> Exercise details
Below is a listing. Write out exactly its lines between the one holding "We're first going" and the one holding "Let's up the", inclusive.

Provided records section start

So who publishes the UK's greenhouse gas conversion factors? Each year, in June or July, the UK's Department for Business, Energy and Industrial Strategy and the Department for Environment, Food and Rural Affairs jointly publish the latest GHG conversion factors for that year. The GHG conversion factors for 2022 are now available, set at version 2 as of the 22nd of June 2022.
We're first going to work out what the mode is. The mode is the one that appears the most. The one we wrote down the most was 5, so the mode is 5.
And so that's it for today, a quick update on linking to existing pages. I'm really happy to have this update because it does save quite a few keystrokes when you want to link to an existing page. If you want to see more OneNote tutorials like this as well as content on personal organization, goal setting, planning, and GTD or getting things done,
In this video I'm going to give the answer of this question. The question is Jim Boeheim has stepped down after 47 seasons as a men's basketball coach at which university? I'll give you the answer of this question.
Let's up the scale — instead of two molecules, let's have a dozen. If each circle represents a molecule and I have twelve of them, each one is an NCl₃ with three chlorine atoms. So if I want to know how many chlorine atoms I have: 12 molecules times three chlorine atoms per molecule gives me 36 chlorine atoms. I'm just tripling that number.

Provided records section end
Provided records section start

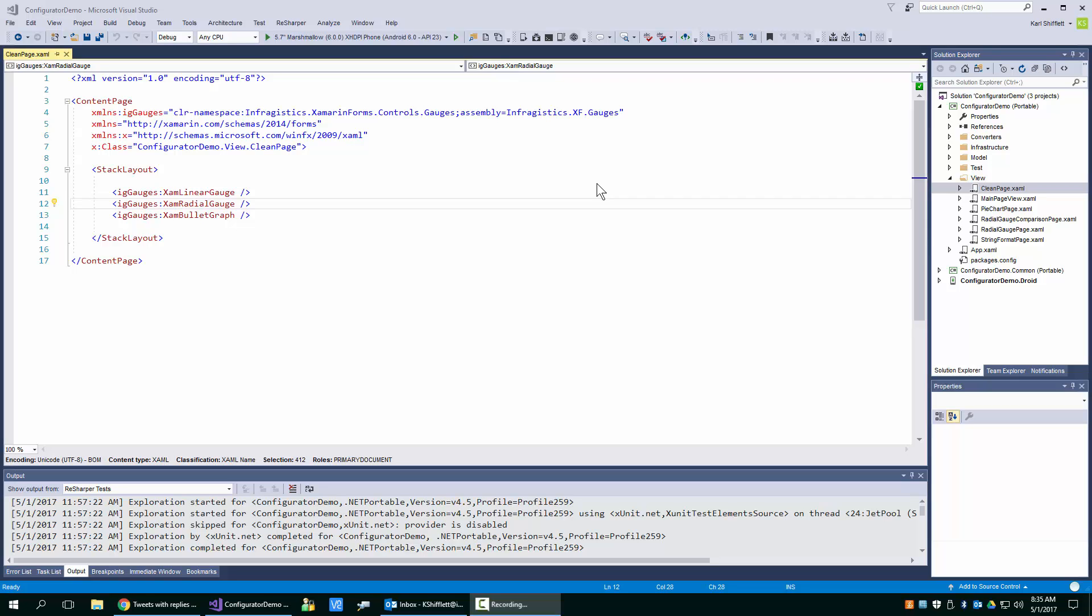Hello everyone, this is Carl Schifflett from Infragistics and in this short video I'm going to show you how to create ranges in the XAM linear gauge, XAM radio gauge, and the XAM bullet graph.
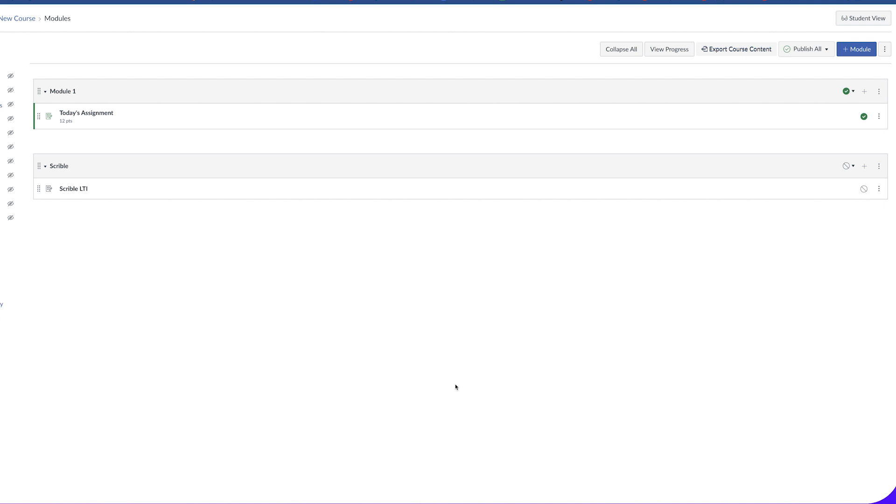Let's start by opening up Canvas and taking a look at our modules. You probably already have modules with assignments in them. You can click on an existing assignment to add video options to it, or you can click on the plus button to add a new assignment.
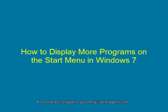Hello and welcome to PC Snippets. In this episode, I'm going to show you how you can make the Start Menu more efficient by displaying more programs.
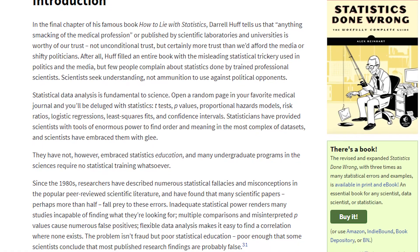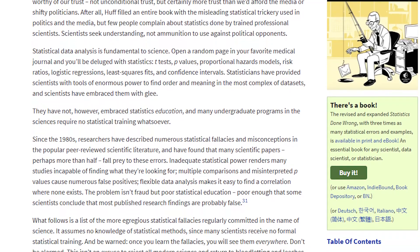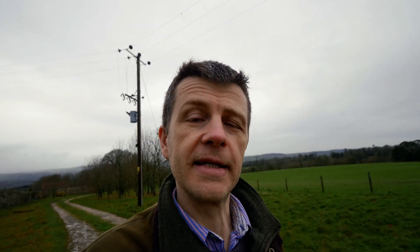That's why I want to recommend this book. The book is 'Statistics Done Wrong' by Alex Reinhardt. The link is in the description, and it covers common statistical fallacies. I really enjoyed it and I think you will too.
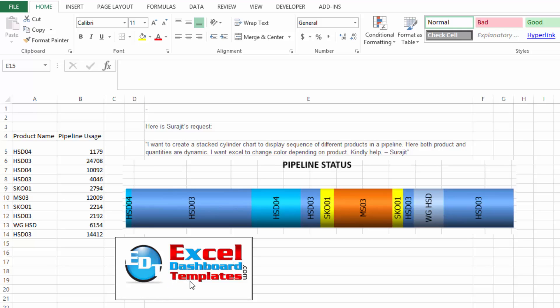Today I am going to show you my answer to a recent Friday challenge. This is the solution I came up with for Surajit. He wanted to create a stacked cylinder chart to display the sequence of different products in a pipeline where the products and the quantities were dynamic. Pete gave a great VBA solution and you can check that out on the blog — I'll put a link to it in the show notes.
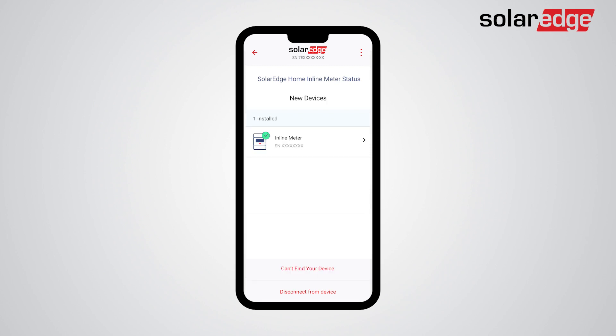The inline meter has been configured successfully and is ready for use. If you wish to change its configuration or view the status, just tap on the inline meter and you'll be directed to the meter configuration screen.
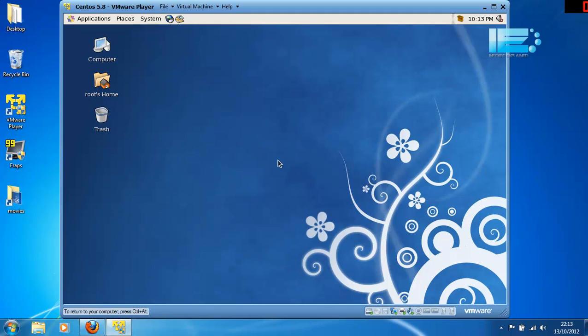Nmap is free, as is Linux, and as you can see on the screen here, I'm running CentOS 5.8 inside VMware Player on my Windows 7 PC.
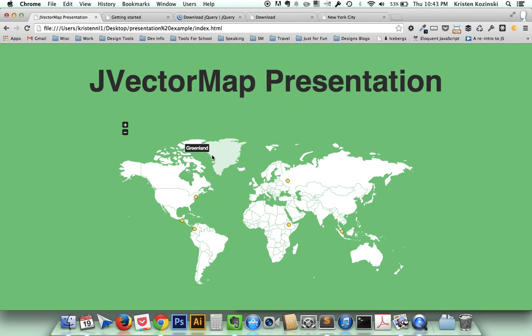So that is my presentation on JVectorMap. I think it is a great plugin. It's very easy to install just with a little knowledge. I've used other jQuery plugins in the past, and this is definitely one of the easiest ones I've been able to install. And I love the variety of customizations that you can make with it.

Provided records section end
Provided records section start

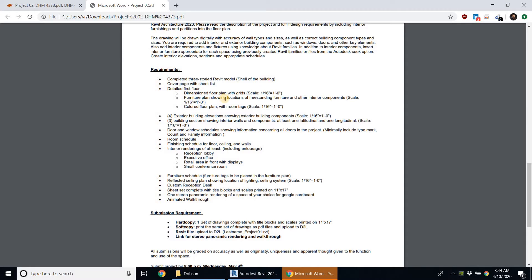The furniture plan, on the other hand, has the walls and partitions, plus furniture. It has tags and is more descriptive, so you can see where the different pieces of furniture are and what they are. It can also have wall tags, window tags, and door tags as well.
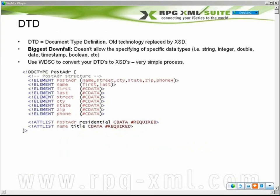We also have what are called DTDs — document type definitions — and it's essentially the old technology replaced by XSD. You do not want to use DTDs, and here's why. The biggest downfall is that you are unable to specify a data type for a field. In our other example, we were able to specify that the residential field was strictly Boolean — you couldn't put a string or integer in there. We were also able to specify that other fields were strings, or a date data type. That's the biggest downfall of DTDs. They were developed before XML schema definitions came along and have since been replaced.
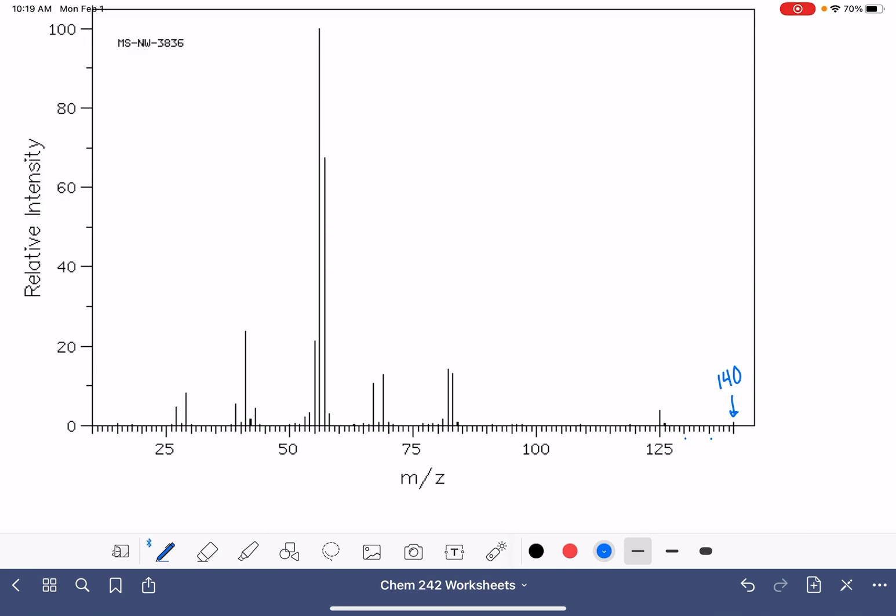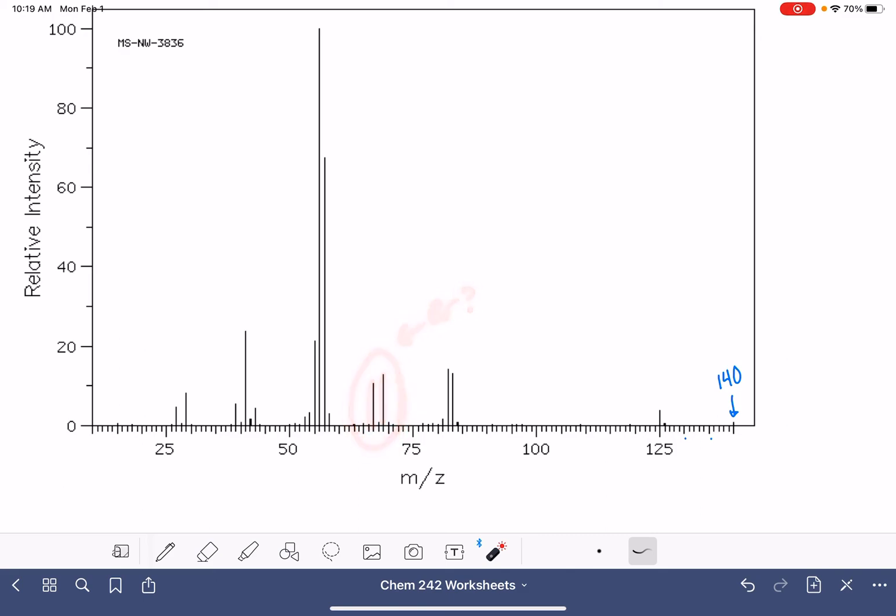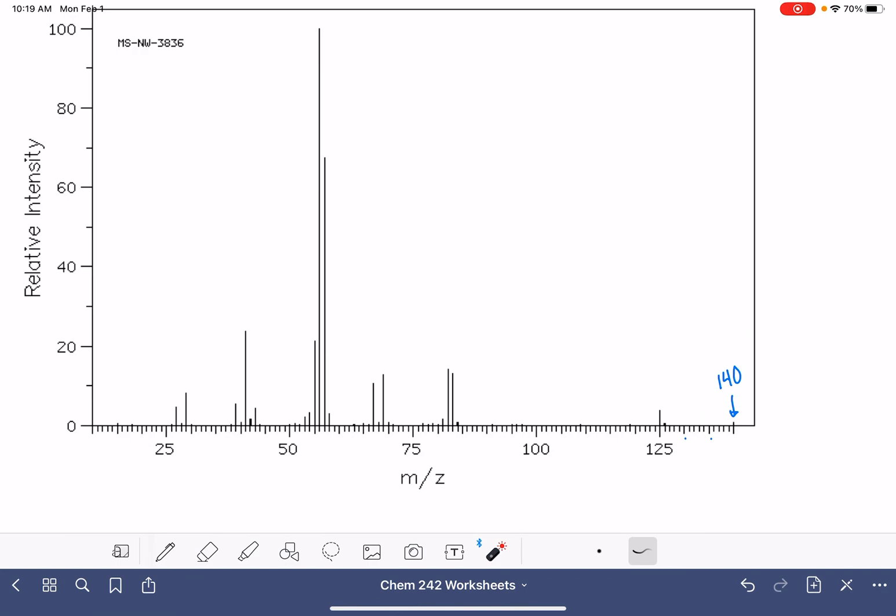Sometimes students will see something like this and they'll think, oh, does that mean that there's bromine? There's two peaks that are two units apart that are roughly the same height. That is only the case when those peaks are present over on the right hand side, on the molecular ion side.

Provided records section end

> Result of the exercise
We're first going to work out what the mode is. The mode is the one that appears the most. The one we wrote down the most was 5, so the mode is 5.
And so that's it for today, a quick update on linking to existing pages. I'm really happy to have this update because it does save quite a few keystrokes when you want to link to an existing page. If you want to see more OneNote tutorials like this as well as content on personal organization, goal setting, planning, and GTD or getting things done,
In this video I'm going to give the answer of this question. The question is Jim Boeheim has stepped down after 47 seasons as a men's basketball coach at which university? I'll give you the answer of this question.
Let's up the scale — instead of two molecules, let's have a dozen. If each circle represents a molecule and I have twelve of them, each one is an NCl₃ with three chlorine atoms. So if I want to know how many chlorine atoms I have: 12 molecules times three chlorine atoms per molecule gives me 36 chlorine atoms. I'm just tripling that number.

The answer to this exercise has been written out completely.